Pelvic preperitoneal packing is a lifesaving procedure in the resource-limited environment for control of pelvic haemorrhage [20, 35]. It can be used as definite management of haemorrhage or to stabilize patient for transfer to a higher-level facility or to facilitate angioembolization [35]. No patients in our study population rebled after pack removal.

Limitations to the study

There are several limitations to the study in addition to those associated with its retrospective nature. The fluids administered prehospital were not recorded. Patients that died on the table contributed half to the overall mortality rate. The study period is over a long period with changes in some of the approach to resuscitation that may impact of current outcomes of these cases. The high associated head and chest injuries may have contributed to the overall mortality thus minimizing the impact of pelvic packing on the study group.
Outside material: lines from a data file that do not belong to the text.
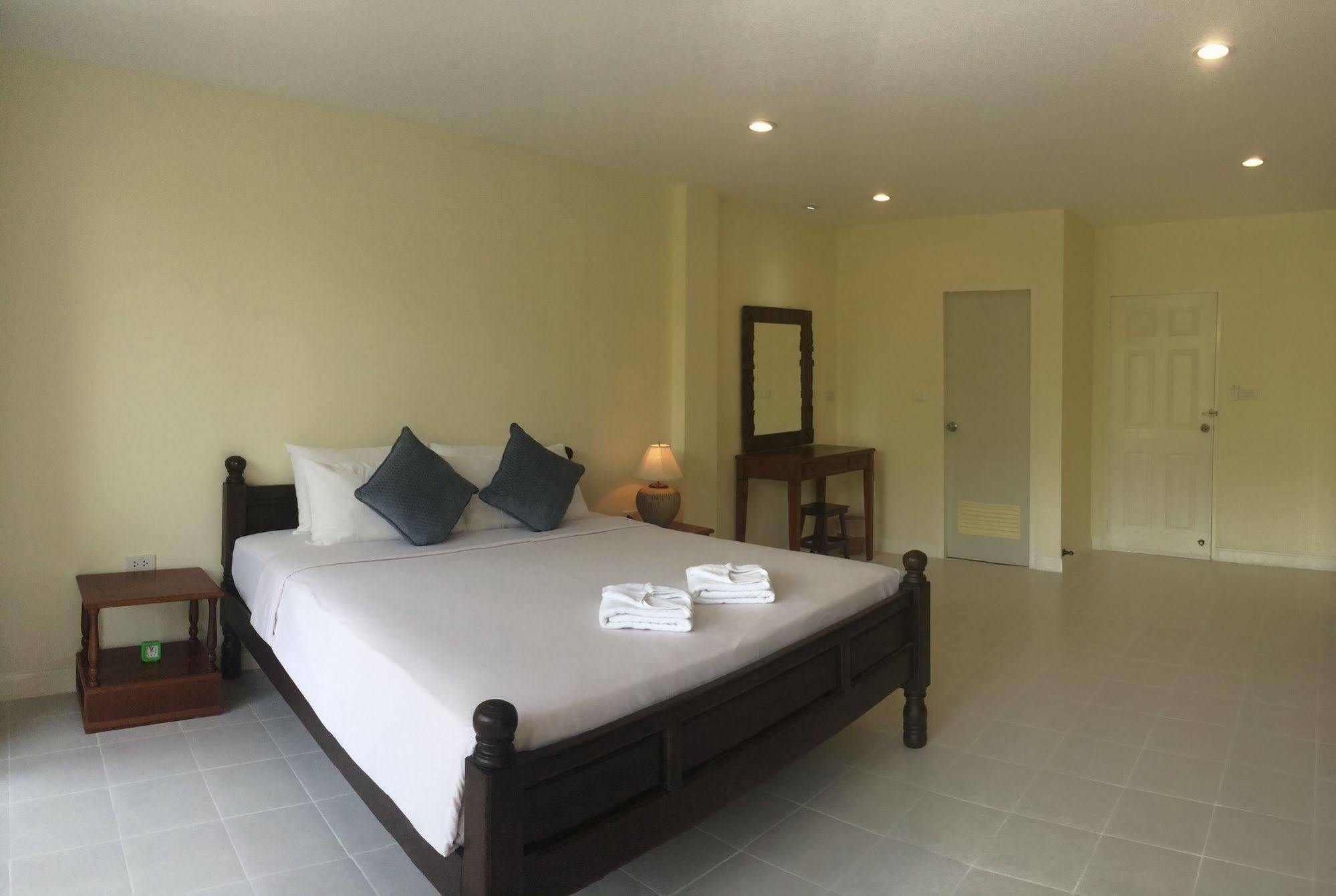 Glitter House Apartment Phuket Exterior photo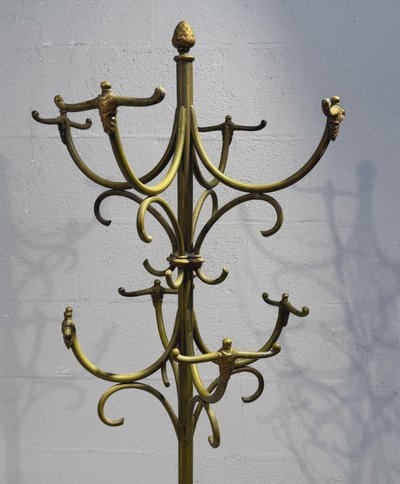 Appendiabiti autoportante in ferro battuto con decorazioni traforate. Periodo Art Nouveau.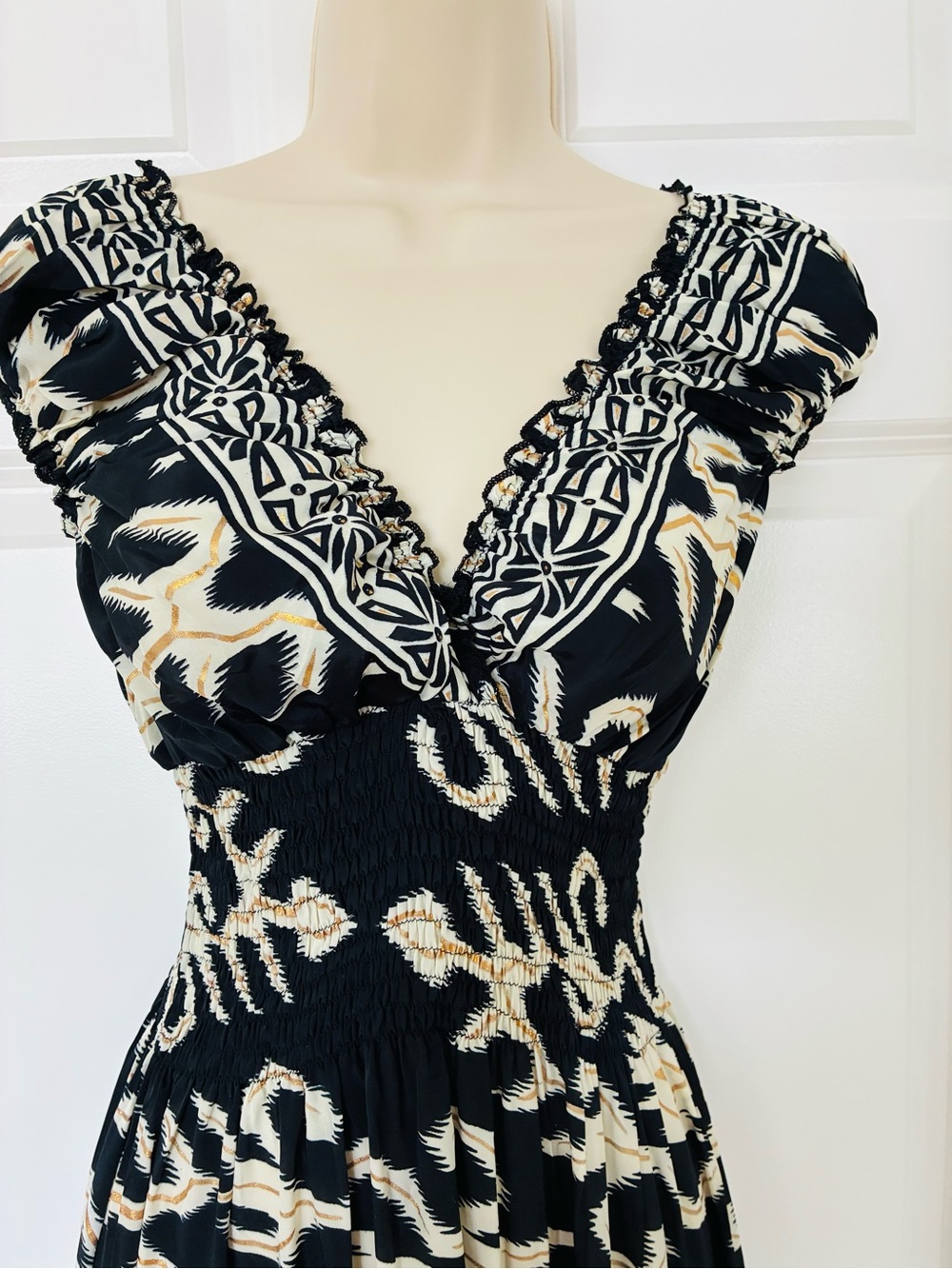 Black & Cream Floral Print V-Neck Women’s Dress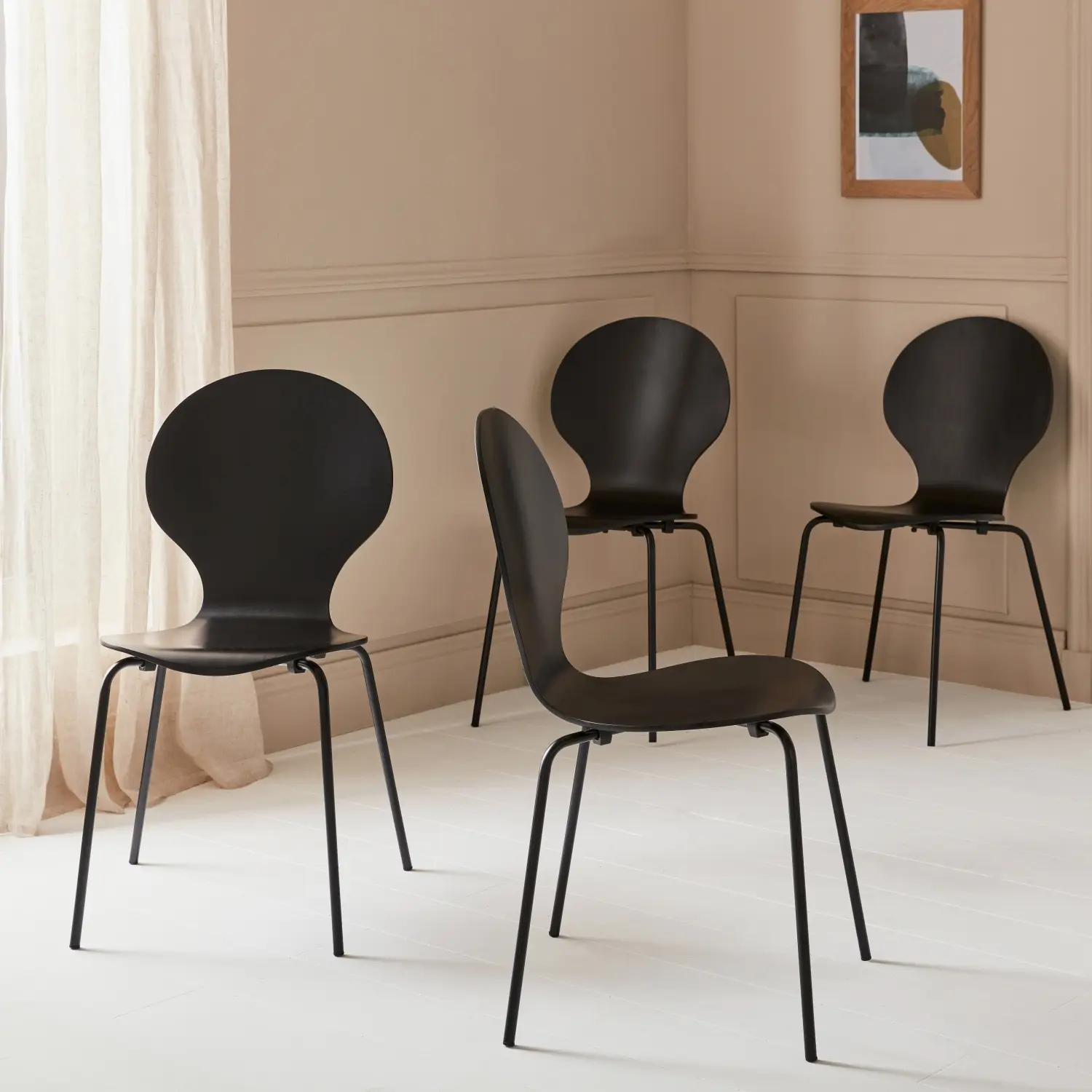 Lot de 4 chaises noires rétro empilables. bois d’hévéa et contreplaqué. pieds en acier. Naomi. L 43 x P 48 x H 87cm | sweeek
No long-term follow-ups were done on the study to assess other complications that may be associated with the packing.

Conclusions

Pelvic preperitoneal packing has a role in the acute management of haemodynamically abnormal patients with pelvic fractures in our environment. The associated major injuries complicate mortality outcomes in these cases. Other in-hospital complications were minimal in the study group. In the absence of immediate angioembolization, preperitoneal packing can be lifesaving. A prospective multicentre study is required to review the role of preperitoneal packing in low-middle-income environments where resources may be limited.